Many administrators are “swimming in emails” and play catch up during meetings or after work, wrote Andrew Martin and Anne Curzan for ChronicleVitae in 2018.
Late-night emails disrupt work-life balance and suggest that employees must be available around the clock, wrote Martin, the then-dean of the college of literature, science, and the arts at the University of Michigan, and Anne Curzan, an associate dean of humanities, also at the university.
“If a manager is sending emails on a regular basis after hours, employees will feel pressured to do so, too,” says Joyce Maroney, the director of the Workforce Institute at Kronos. Late-night emails can drain employees—and burned-out employees are less effective and more likely to quit.
To curb excessive emails, Martin and Curzan asked their team to limit email traffic to working hours (7:00 am to 6:00 pm, Monday to Friday), and to communicate face-to-face whenever possible. Martin and Curzan also clarified that leaders shouldn’t expect or request support after the workday, unless it’s an emergency.

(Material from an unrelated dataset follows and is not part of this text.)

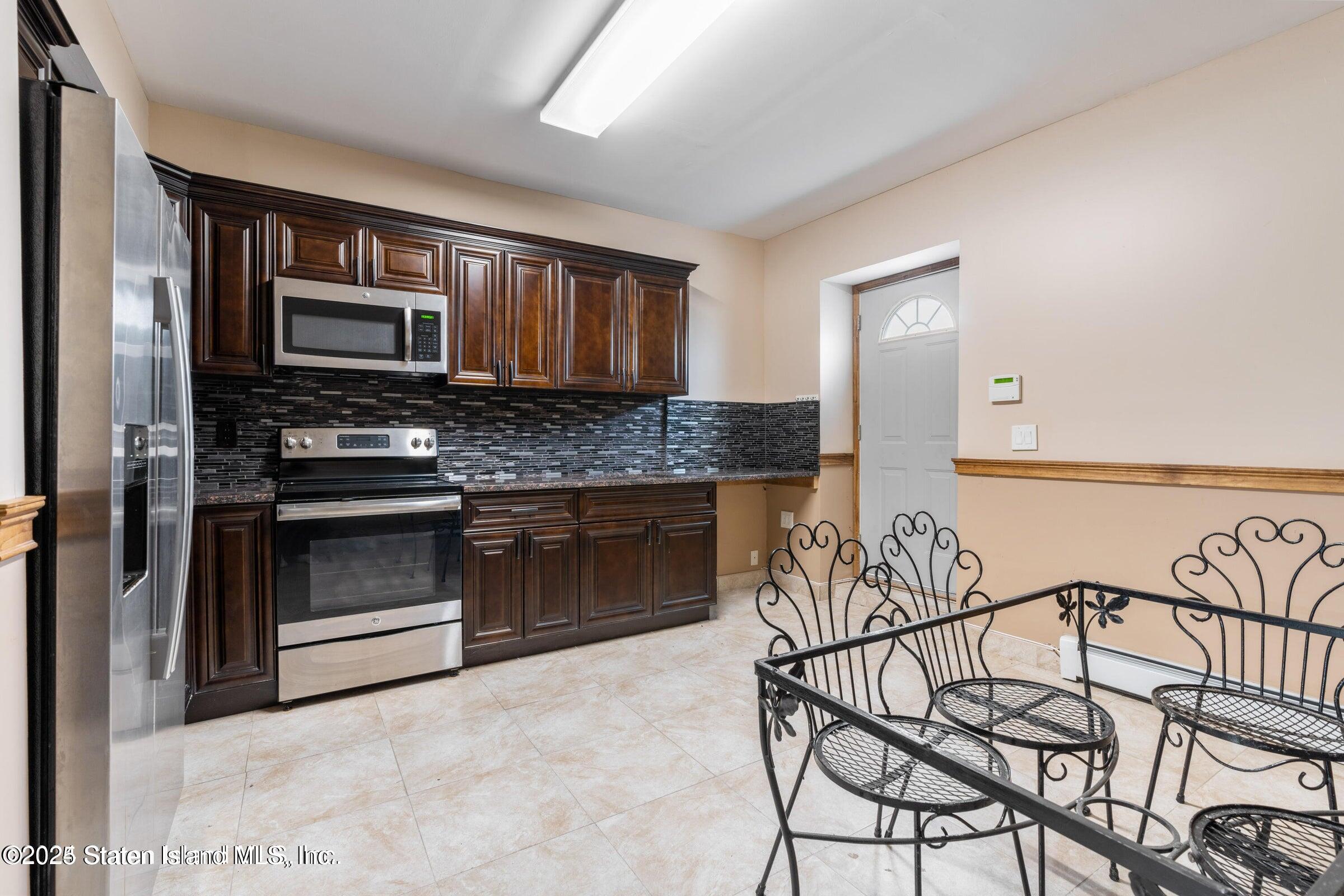 14 Ottavio Promenade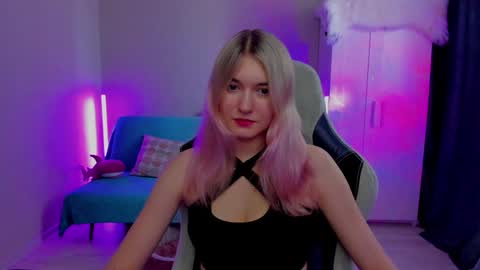 Snapshot of chatur_lady_ chatting on February 6, 2025, 6:18 am Betty online show from February 6, 2025, 6:18 am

When Martin and Curzan brought the proposed email policy to the dean’s cabinet, many were skeptical and worried the curfew would make them less effective. But the policy has been so “transformative” that other offices and departments around campus have adopted similar policies, the authors write. Not only did employees send fewer late-night emails, but they also replaced some emails with a quick chat face-to-face.
Many team members still draft emails at night, but delay sending notes until the next morning. Under the email curfew, one administrator felt “a palpable sense of relief” to see an empty inbox. Most importantly, the policy reminds the team that few issues are urgent enough to warrant attention on a Saturday night, the authors write.